Where the line containing "Grelha do radiador 13268730 OPEL" appears, start repeating, and continue exactly through the last line below, adding nothing. Include no pictures.

BEGIN EXERCISE DATA

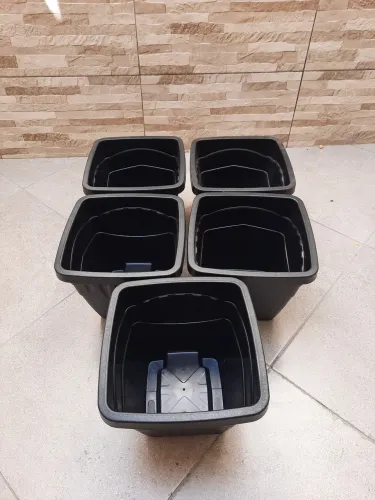 5 Vasos novo para planta de plástico 25 cm altura 29 largura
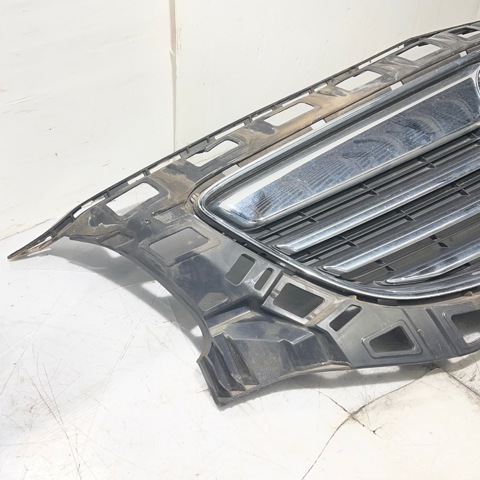 Grelha do radiador 13268730 OPEL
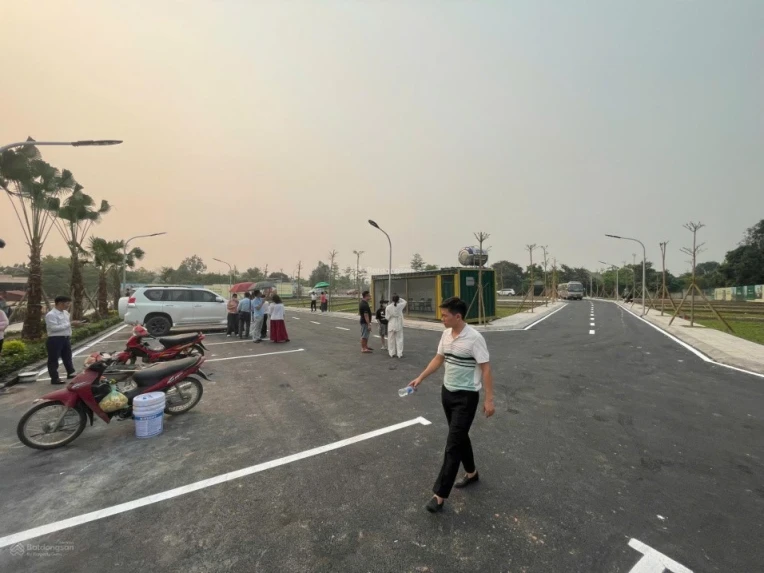 Chính chủ gửi bán suất ngoại giao, lô góc, view hồ 103,3m2 - lô góc - MT: 5m - giá chỉ từ 2 tỷ 5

END EXERCISE DATA

### RESPONSE TO THIS EXERCISE
 Grelha do radiador 13268730 OPEL
 Chính chủ gửi bán suất ngoại giao, lô góc, view hồ 103,3m2 - lô góc - MT: 5m - giá chỉ từ 2 tỷ 5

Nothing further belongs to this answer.